University Of Texas At Austin, Austin TX

Investigators

Abstract

The main focus of the research project concerns the moduli space of representations of the fundamental group of a smooth projective algebraic curve to a reductive algebraic group G. This moduli space is the Betti version of a cohomology group in non-abelian Hodge theory. Its other versions are, Dolbeault: the moduli space of semistable Higgs G-bundles on the surface and, de Rham: the moduli space of flat G-connections on it. In the Dolbeault and de Rham versions this space has been central to recent important work in the Langlands program, both the arithmetic by work of Ngo and Laumon and the geometric by work of Kapustin and Witten. The basic idea of the project is to use tools of Number Theory, Combinatorics and the Representation Theory of finite groups of Lie type to count points on the Betti space over finite fields. The Weil conjectures then yield cohomological and geometrical information about it (and hence also about its other two flavors). In the long run, Mathematics always has a way of making itself useful outside its own discipline. Who would have thought 20 years ago, say, that something as apparently removed from everyday life as the concept of an "elliptic curve" could end up as a crucial tool for the security of online shopping? An elliptic curve is a geometric construct with a very rich structure. Two points on the curve can be "added" by geometric means to produce a third point. This fact goes back more than 300 years.
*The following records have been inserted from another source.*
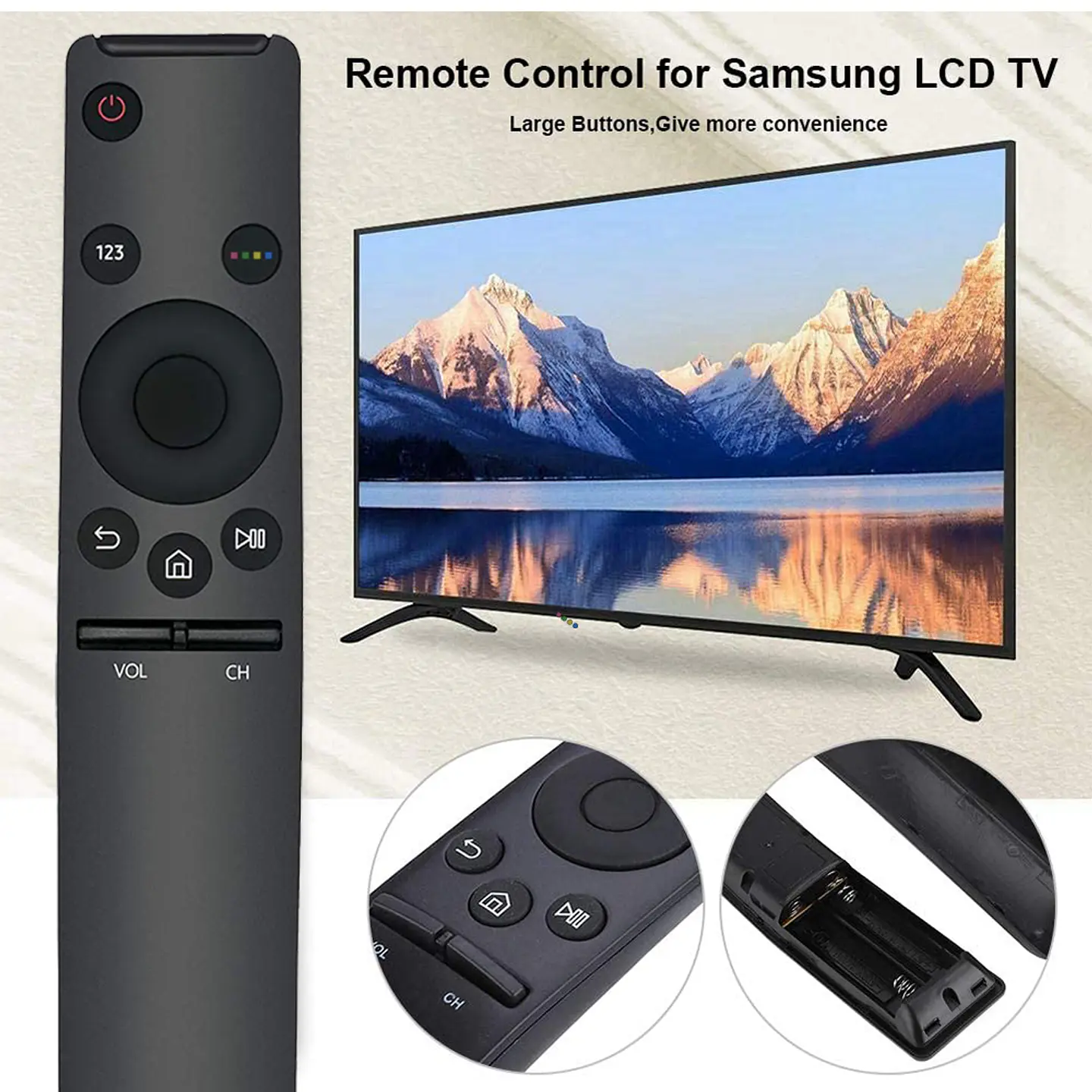 Control Remoto Compatible Samsung Smart Tv 4k + Pilas 4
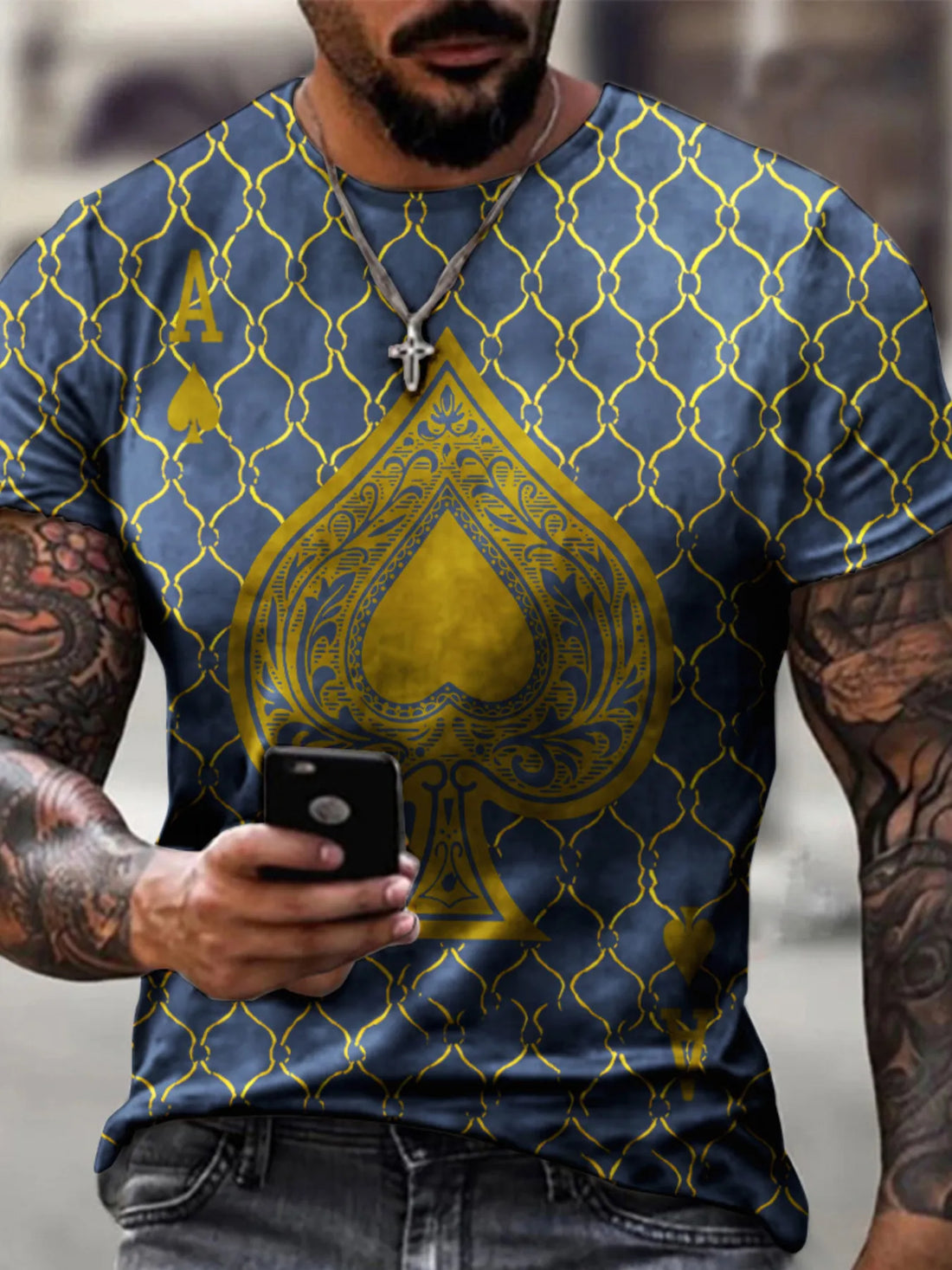 Men's Full Size Ace of Spades Graphic Print T-Shirt Plus Size - cas7m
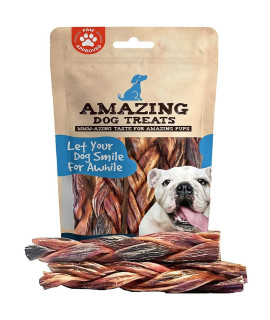 Amazing Dog Treats - 6 Inch Braided Gullet Stick (4 Pc/Pack) - Dog Jerky Treats - Beef Esophagus -Gullet Sticks for Dogs - Braided Gullet Sticks Dog Chews - Beef Esophagus Dog Treats
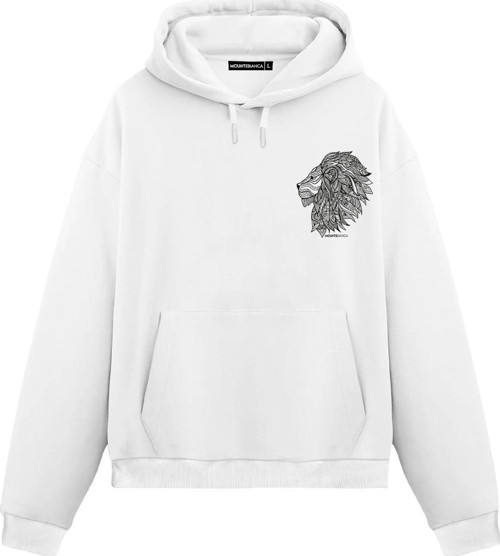 Unisex Lion - Regular Hoodie Beyaz 2XL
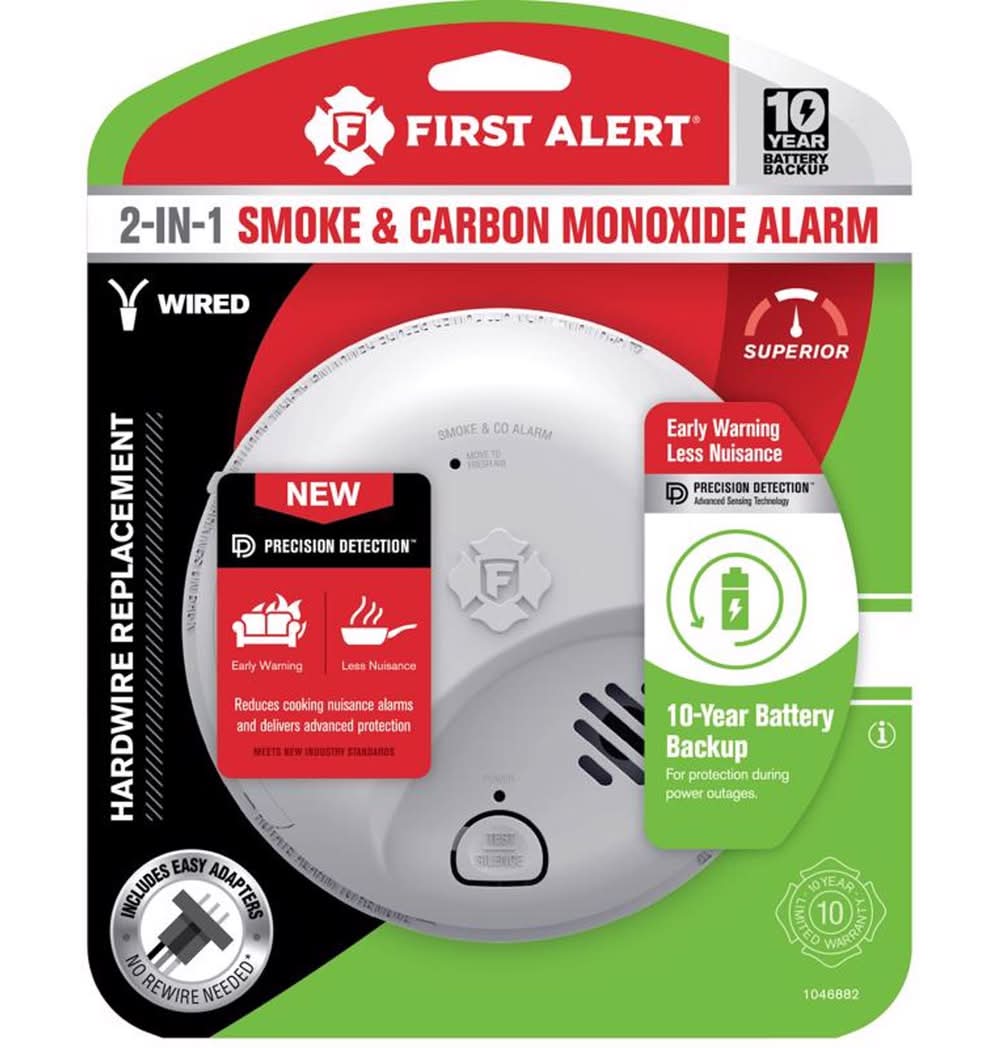 First Alert 10 Year Hard-Wired W/Battery Back-Up Ionization Smoke And Carbon Monoxide Detector 1 Eac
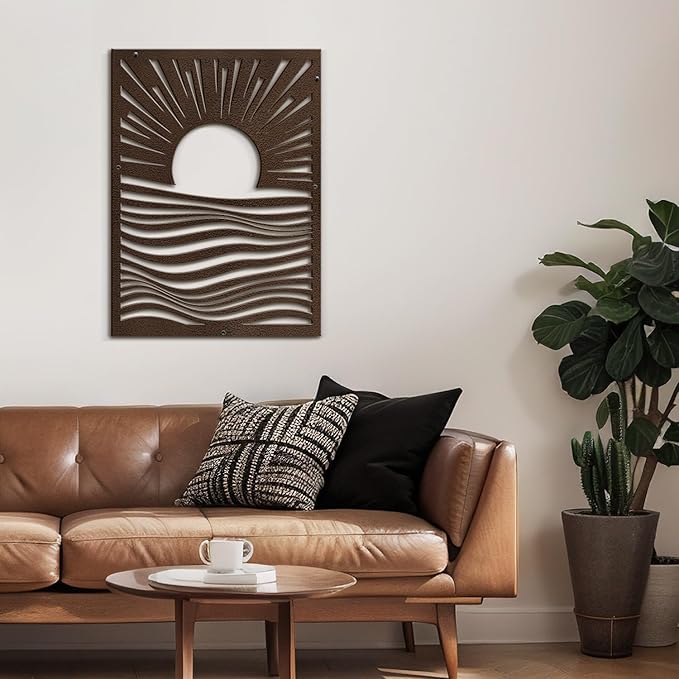 SIGNLEADER Metal Wall Art Decor Moons in Landscape Minimalist Modern Abstract Wall Sculpture Hangings Home Decoration for Living Room, Bedroom, Bathroom, Kitchen, Outdoor - 30" Bronze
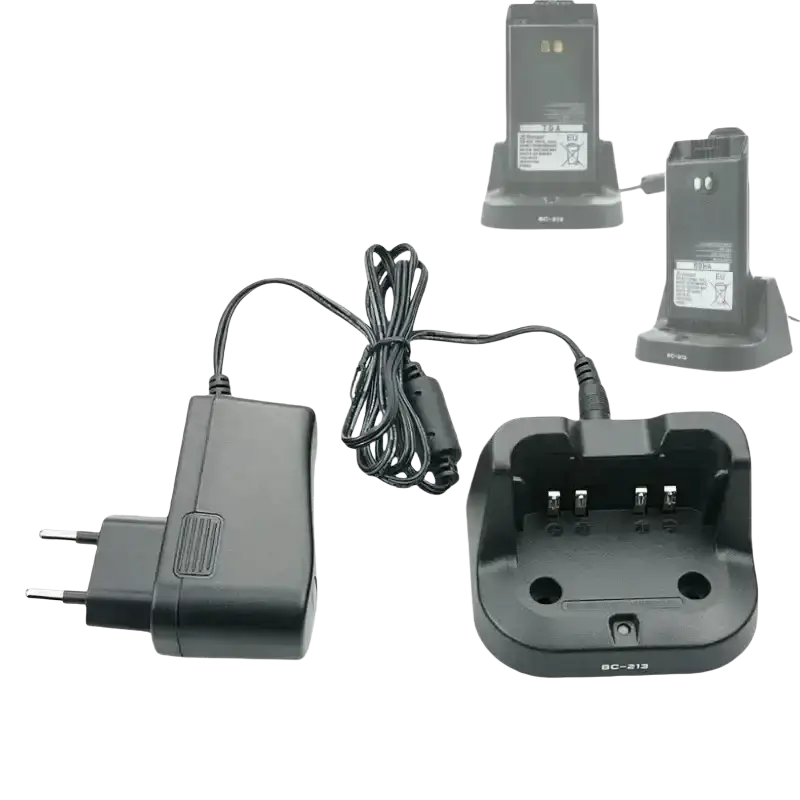 Black plastic bc-213 desktop charger with integrated power adapter and coiled cable for motorola bc-213 two-way radio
In more modern times we have learned how do to "geometry" (work with points, lines, curves, etc.) in a purely finite context, where the real or complex numbers are replaced by their finite counterparts, finite fields. This provides one of the most useful ways to apply abstract mathematical concepts from Geometry and Number Theory to real life situations. The research project uses finite fields in a different way: to probe the geometry, in the usual sense of the word, of certain spaces of great interest to both Mathematics and Physics. The PI finds the interplay between the discrete (counting points over finite fields) and the continuous (geometry over the complex numbers) in this project, as well as the fact that involves in a substantial way fairly distant areas of Mathematics (Number Theory, Combinatorics, Group Theory and Differential Geometry), fascinating.